• **PROVIDED DATA**
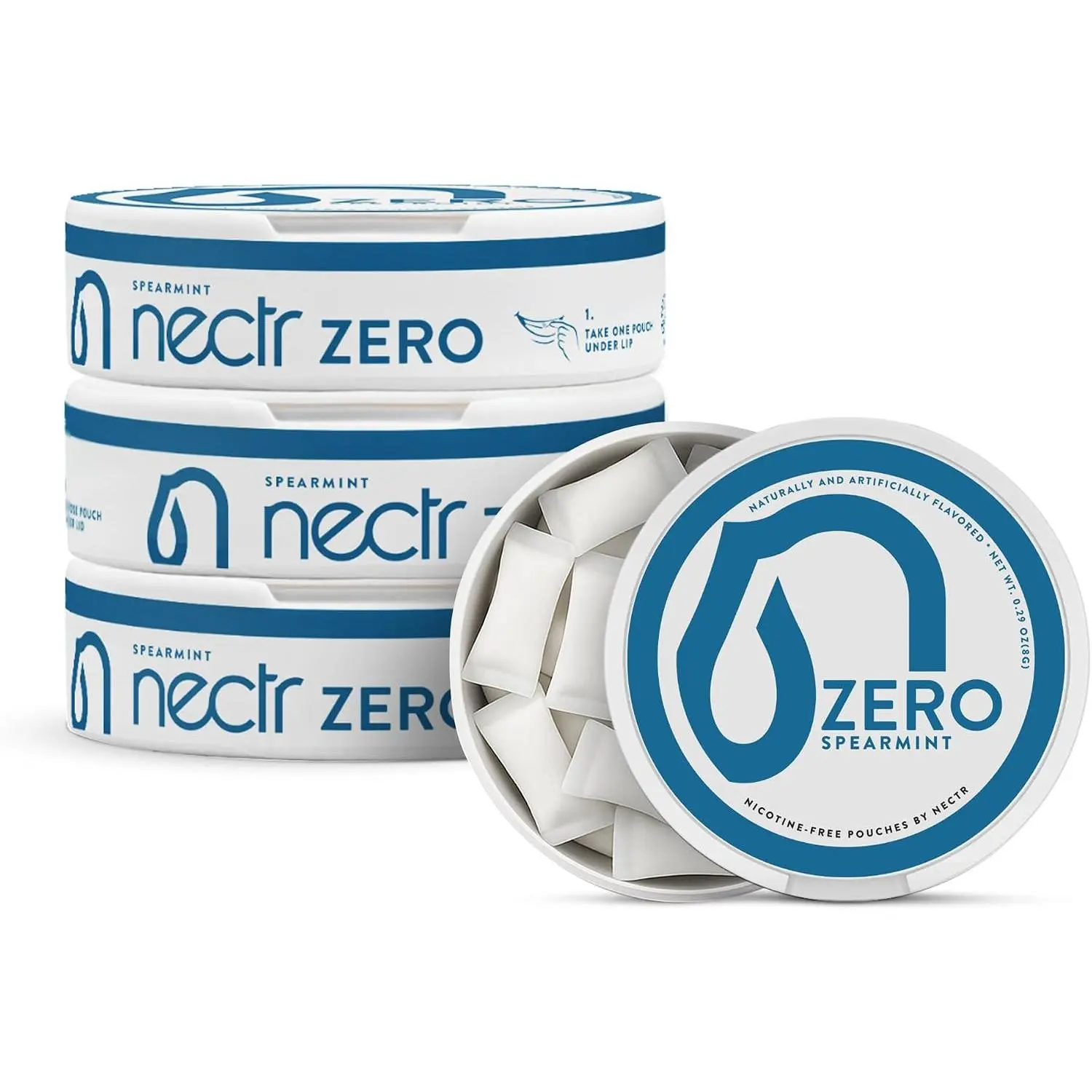 Nectr Energy Zero Pouches - No Caffeine, No Sugar, Zero Calories, Mini Pouches for Oral Fixation and Stress Relief - 4 Pucks of 20 - Spearmint Flavor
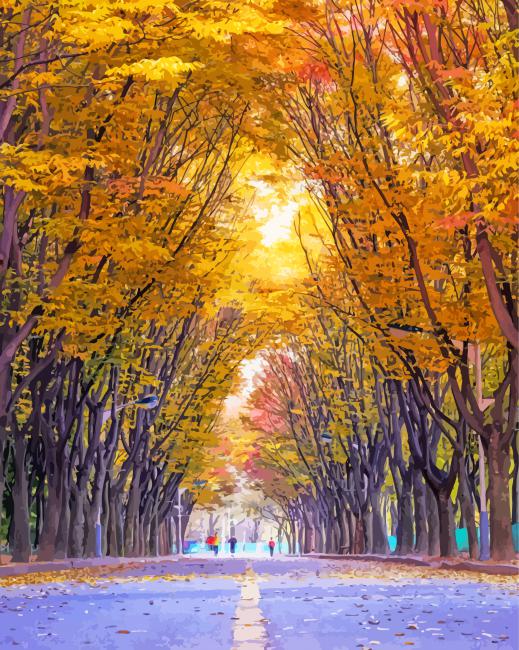 Aesthetic Tree Lined Autumn Road Paint By Numbers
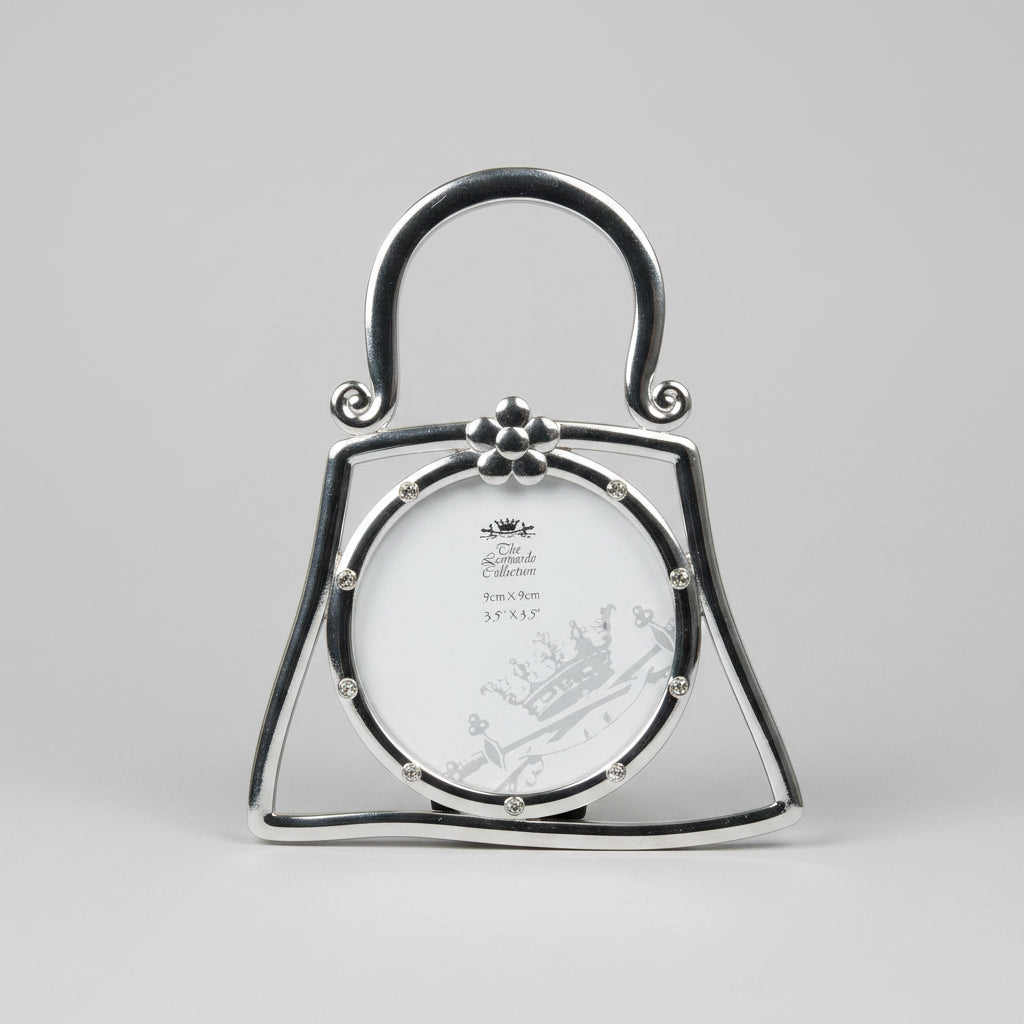 the leonardo collection 3.5x3.5ichs silver plated handbag photo frame - hanrattycraftsgifts.co.uk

• **WHAT YOU ARE ASKED TO DO**
With the pictures removed, set down every line of the listing above exactly.

• **WRITTEN RESPONSE**
 Nectr Energy Zero Pouches - No Caffeine, No Sugar, Zero Calories, Mini Pouches for Oral Fixation and Stress Relief - 4 Pucks of 20 - Spearmint Flavor
 Aesthetic Tree Lined Autumn Road Paint By Numbers
 the leonardo collection 3.5x3.5ichs silver plated handbag photo frame - hanrattycraftsgifts.co.uk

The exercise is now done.